Today, the Consumer Financial Protection Bureau (CFPB) has taken action against Bank of America for engaging in illegal activities that harmed its customers. The bank has been ordered to pay over $100 million to affected consumers and an additional $150 million in penalties to the CFPB and the Office of the Comptroller of the Currency (OCC).
Bank of America, one of the largest banks in the United States, has been found guilty of several violations. These include imposing excessive fees on customers with insufficient funds in their accounts, withholding rewards promised to credit card holders, and opening fraudulent accounts without customers’ knowledge or consent. The OCC has also deemed the bank’s fee practices to be illegal. As a result, Bank of America will pay $90 million in penalties to the CFPB and $60 million in penalties to the OCC.
Wells Fargo also faced a scandal involving the opening of fake accounts. In 2016, it was revealed that the bank had created millions of unauthorized accounts on behalf of its customers without their knowledge or consent. The accounts were opened in order to meet aggressive sales targets and boost employee incentives. This unethical practice led to customers being charged fees for accounts they never requested, as well as negative impacts on their credit scores. The scandal resulted in significant financial penalties, executive resignations, and damage to Wells Fargo’s reputation. The incident served as a stark reminder of the importance of maintaining trust and ethical practices in the banking industry.
CFPB Director Rohit Chopra condemned the bank’s actions, stating, “Bank of America wrongfully withheld credit card rewards, double-dipped on fees, and opened accounts without consent. These practices are illegal and undermine customer trust. The CFPB is committed to ending such practices across the banking system.”
Bank of America’s misconduct affected hundreds of thousands of consumers across multiple product lines and services. The specific violations include the following:
- Double-dipping on fees: The bank charged customers $35 for insufficient funds in their accounts. However, it was discovered that Bank of America repeatedly imposed these fees for the same transaction, generating significant additional revenue over several years.

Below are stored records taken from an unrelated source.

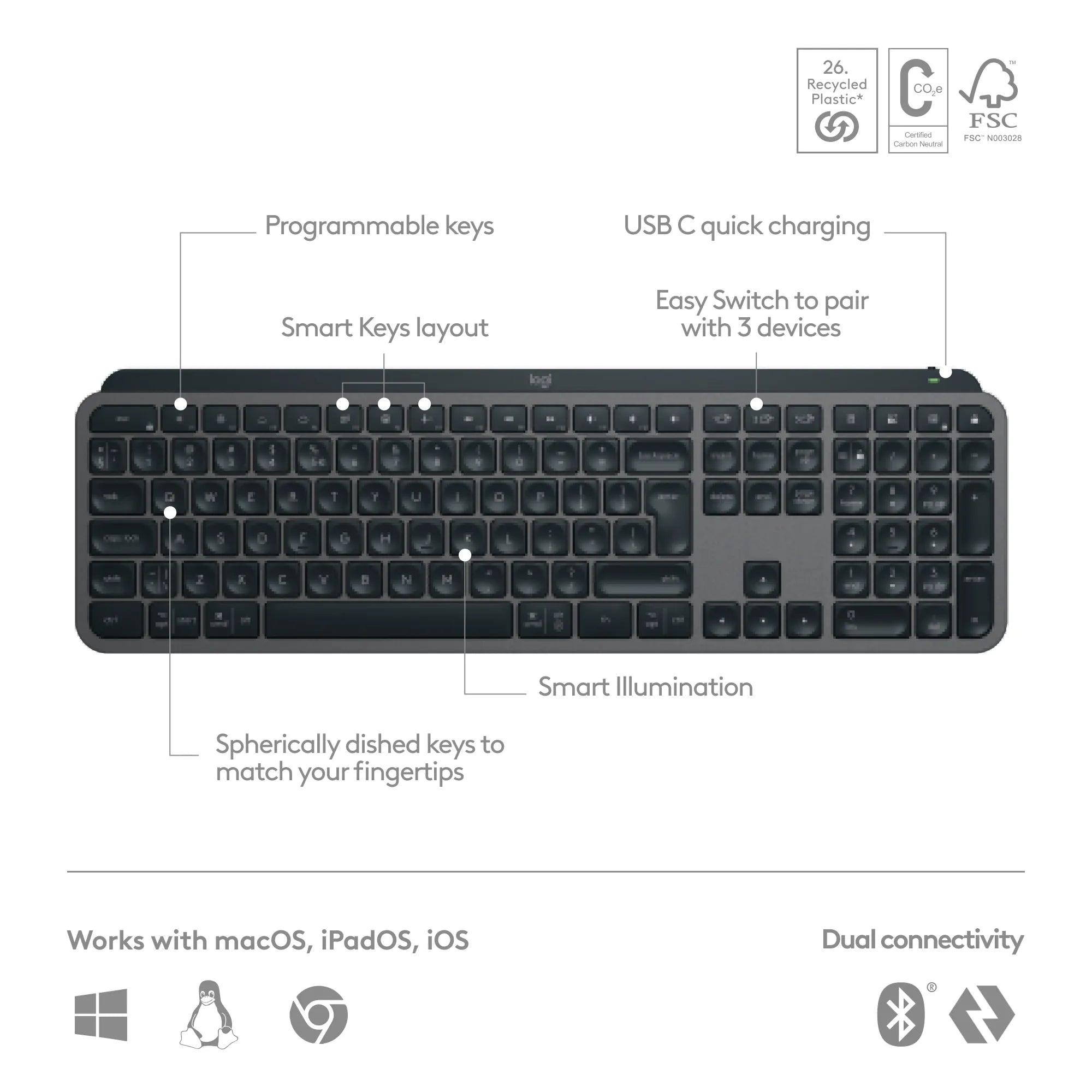 Logitech MX Keys S, Full-size (100%), RF Wireless + Bluetooth, Scissor key switch, QWERTY, LED, Graphite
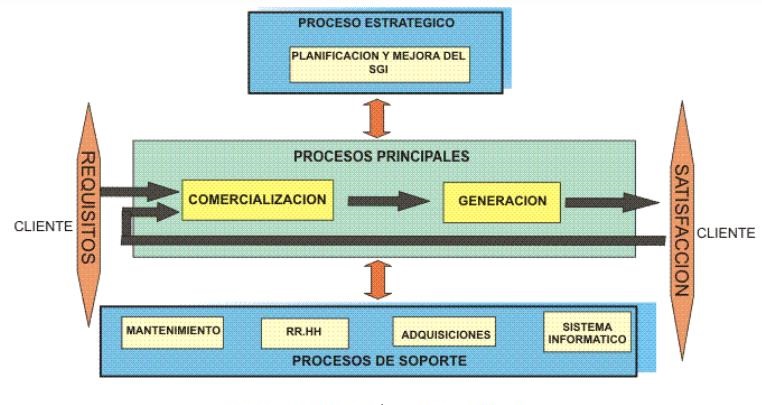 Informacion-Sistema-Integrado-Gestion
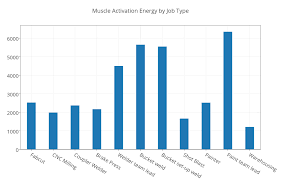 Muscle Activation Energy By Job Type Bar Chart Made By
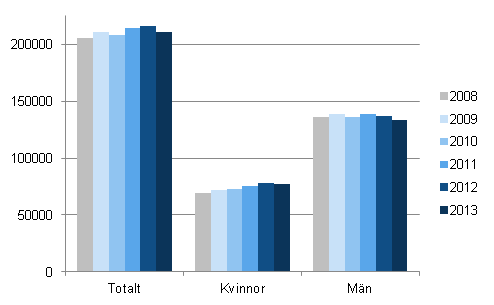 Manliga och kvinnliga uts�kningsg�lden�rer 2008&ndash;2013, antal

- Withholding credit card rewards: The bank failed to honor its promises of cash and points rewards for tens of thousands of credit card holders. Customers who applied in person or over the phone were denied their sign-up bonuses due to the bank’s faulty processes and systems.
- Opening unauthorized accounts: Bank of America employees misused sensitive customer information to open credit card accounts without customers’ consent. This unethical practice allowed the bank to meet sales-based goals, but it resulted in unjustified fees, negative impacts on credit profiles, and wasted time for affected consumers.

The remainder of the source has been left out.